What a great cloud of witnesses to the life and forgiveness of Jesus.
And to His faithfulness. Their lives weren’t easy. We heard tonight some of
what they endured - troubles, hardships, persecutions, homelessness, death. But
though divided from family, friends, and sometimes the world in these ways,
they could not be separated from Christ. Not because they were so great, but
because Christ is so great. Because He gave them their faith and kept them in
that faith. Because He held on to them through thick and thin. His forgiveness
and life is greater than all.
And
so it is for you - you who are a part of that great cloud of witnesses.
Jeremiah warns us not to listen to those who preach a false peace - a peace of
the world at the expense of the Word of God.

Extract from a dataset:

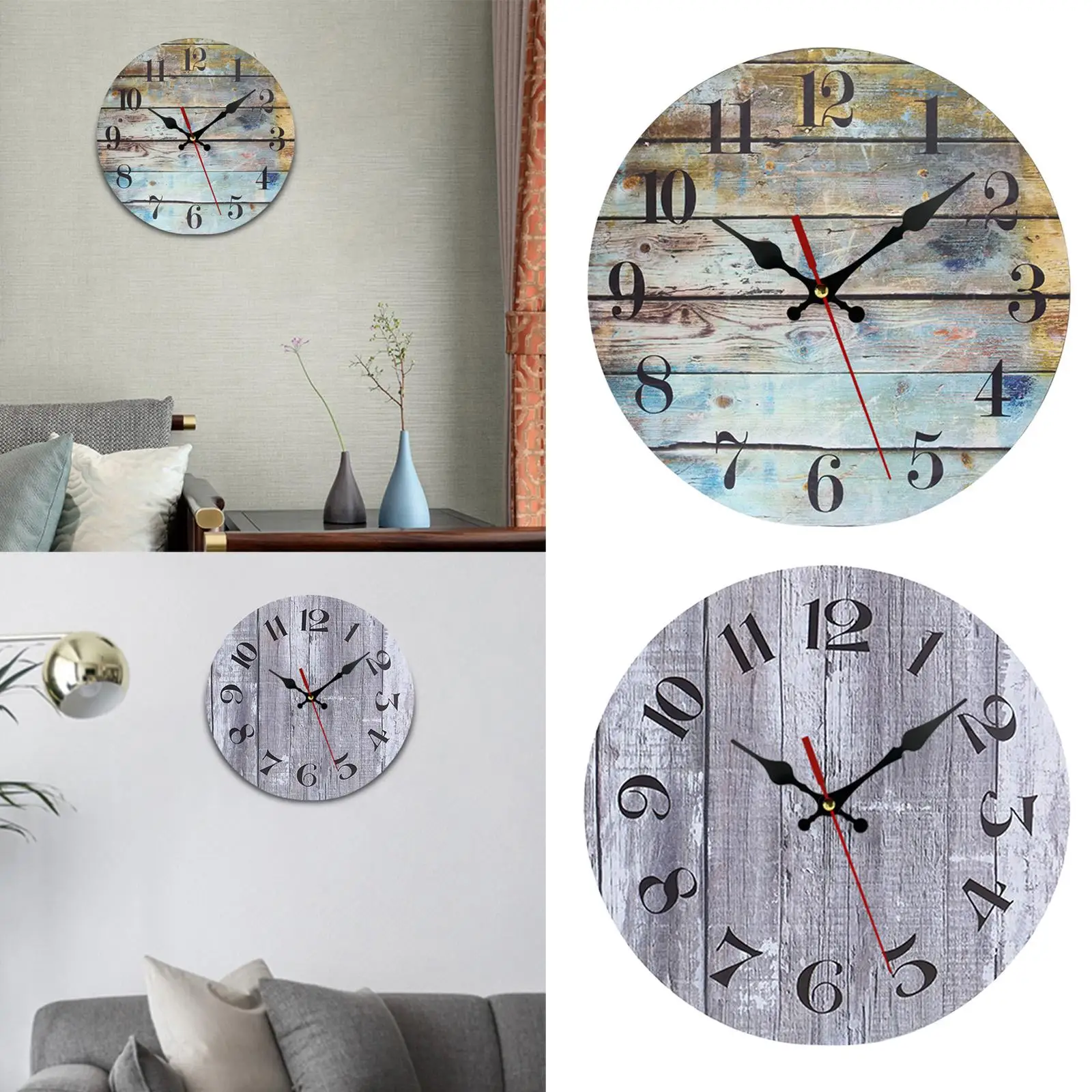 25cm Wand Horloges Tikkende Stille Decoratieve Rustieke Opknoping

Rather, fix your eyes on Jesus, the
founder and perfecter of your faith. The giver of your life, your new
life, and your eternal life.
Hostilities
and division will come. The key is how we interpret those signs. Jesus said, “When
you see a cloud rising in the west, you say at once, ‘A shower is coming.’ And
so it happens. And when you see the south wind blowing, you say, ‘There
will be scorching heat,’ and it happens.” Hostilities and division
will come, and are here. What do they mean? That
the Word of God is working. Not with the goal of dividing families, but of
dividing us from our sin and creating a new family. Of separating us from the
world and uniting us to Christ. That won’t always be easy, but it will always
be good.
Jeremiah
said that the Word of the Lord is like a hammer that breaks a rock in pieces.
Thanks be to God when our hard, sinful, stony hearts are smashed, and new
hearts of faith given to us. Thanks be to God that He loves us enough to do
that for us. And thanks be to God that those divided from us now, our Saviour
is even now working to unite them to Himself and raise them to new life too.
In
the Name of the Father and of the (+) Son and of the Holy Spirit. Amen.